Una vez instalado todo correctamente (Incluido Basic4Android / B4A) tan solo queda configurar las rutas de acceso en el programa al SDK de Java y de Android.

Completado este último paso, ya estaremos listos para crear nuestra primera aplicación Android escribiendo en Visual Basic.



quienes esten interesados en el tema seria muy util sus comentarios, sugerencias y aportaciones.


----------



## arrivaellobo (Dic 10, 2013)

Que curioso que justo ayer descubrí yo éste IDE, y ahora lo publicas 
Me sumo a la causa, que quiero aprender. Empecé hace un tiempo a aprender Java y programación Android, pero se me hacía bastante complejo y lo abandoné, en un futuro retomaré ese camino. Pero de momento me viene bien aprender con éste IDE, así además refresco conocimientos olvidados de Visual Basic.

Un abrazo!


----------



## Scooter (Dic 10, 2013)

Yo usé basic4ppc, hice unas cuantas aplicaciones para WM y empecé con basic4android.
No lo recomiendo, es un galimatías, no es un basic y ya está, es limitado, propietario y de pago. Por poco esfuerzo mas te metes con el sdk de Android.
Venden la moto que es como VB pero ni se le acerca.


----------



## LaElectronicaMeOdia (Dic 10, 2013)

> Por poco esfuerzo mas te metes con el sdk de Android.



tu comentario  me parecio interesante y concuerdo contigo a medias, yo para empezar a entender plataformas  empiezo con basic, despues voy migrando a otros lenguajes como voy necesitando  y se me dificulta menos el proceso. 

estuve haciendo unos ejemplitos que ire subiendo para quien le sirva, y si dista mucho de ser un VB6 o un VB net, pero es muy similar, lo que le faltan son muchas mas librerias lo que seria lo compatible con las OCX de VB pero para empezar a jugar yo digo que esta excelente.

de echo una de las cosas que mas me llamo la atencion es que B4A compila a JAVA.


----------



## Scooter (Dic 11, 2013)

A mi no me resultó nada sencillo ni intuitivo, el simulador es el de android, tienes que cargar medio SDK y un lago etcétera. Y con B4PPC siempre acababa arrepintiendome porque tal cosa que en VB se podía allí no, por eso pensé en no dedicarle mucho tiempo.
Si la sintaxis del java y del basic tampoco difieren tanto. Es como los nuevos VB, al final da lo mismo si programas en bacic, c, java o lo que sea al final es todo .net, eun unos pones for x = 1 to 100 y en el otro for(int x ; x<100; x++) todo lo demás es lo mismo.
Resumiendo si queremos seguir programando hay que hacerse el ánimo a pensar en objetos y clases si o si, y de momento por falta de tiempo no me he metido casi.


----------



## LaElectronicaMeOdia (Dic 12, 2013)

> el simulador es el de android, tienes que cargar medio SDK



sip. el simulador esta muy mal, yo prefiero compilar e instalar en el dispositivo es mucho mas rapido y facil. pero la verdad a mi si me esta gustando el B4A para empezar a jugar y claro de ninguna manera sirve para hacer aplicaciones profesionales.
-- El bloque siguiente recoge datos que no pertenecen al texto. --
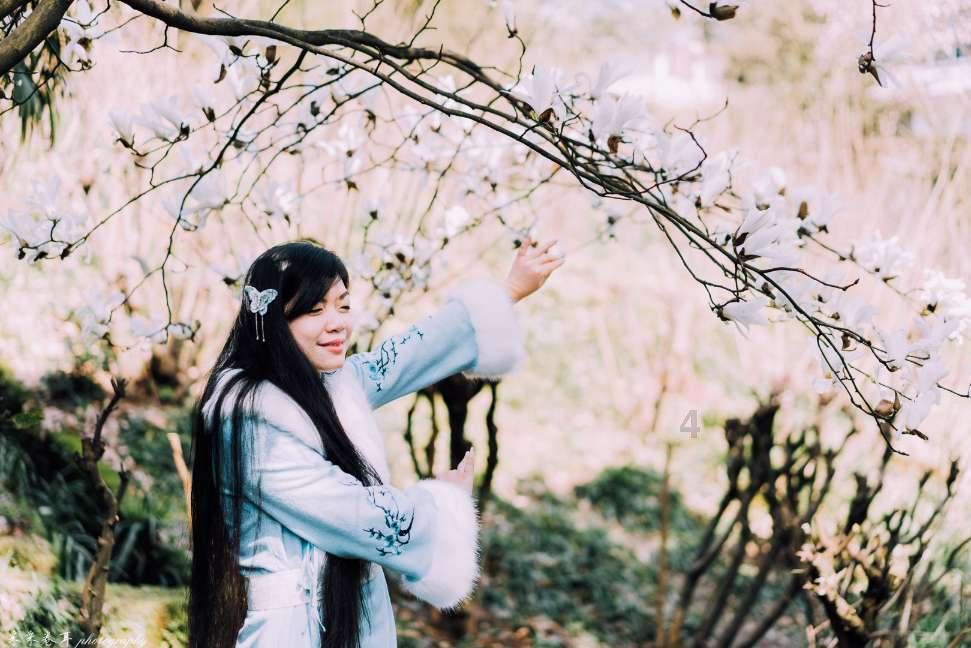 五彩鹦鹉救援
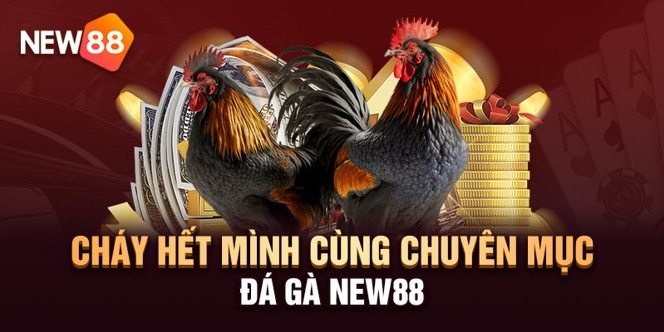 Thông Tin Nhà Cái NEW88 17 Sảnh đá gà NEW88 không nên bỏ lỡ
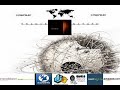 Click here to watch this video Badbug - Stop Watching [Iono Austria]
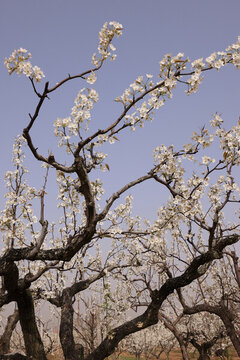 萊陽(yáng)梨樹枝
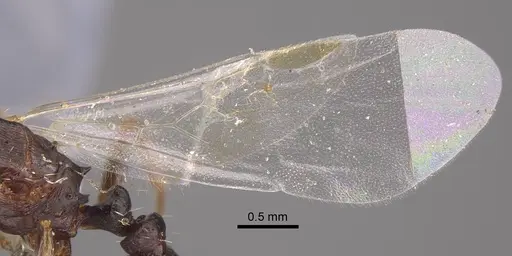 Tetramorium inerme - CASENT0917414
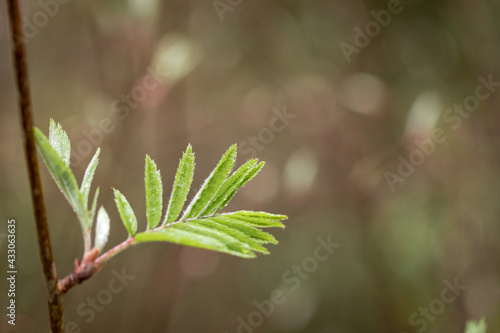 Spring branch off Rowan tree Sorbus aucuparia with green leaves on blurred natural background.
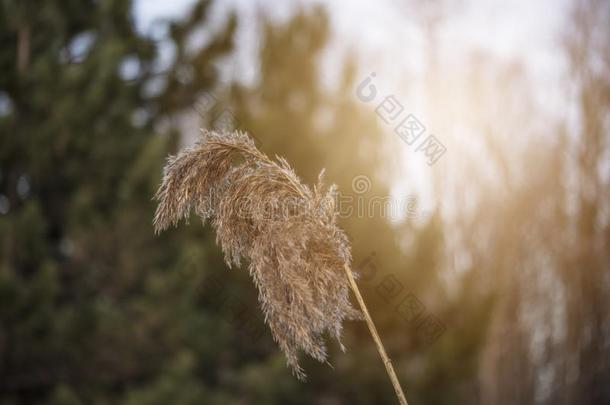 芦苇,一普通的芦苇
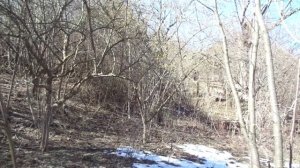 Еще об обрезке КИЗИЛА и одном очень полезном свойстве его.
bueno aqui subo un intento de aplicación que es el tipico encender un led via bluetooth(serial) 





*notese que lacamarografiameodia 

se necesita compu con bluetooth y configurar el compim con el puerto que asigna el bluetooth en mi caso fue com3, tambien se necesita instalar la aplicación bluetooth (apk) que esta dentro del archivo objects en el comprimido que anexo al dispositivo con android.

en el comprimido se encuentra codigo en Picbasic Pro, el Codigo de B4A y el simulado en proteus.


----------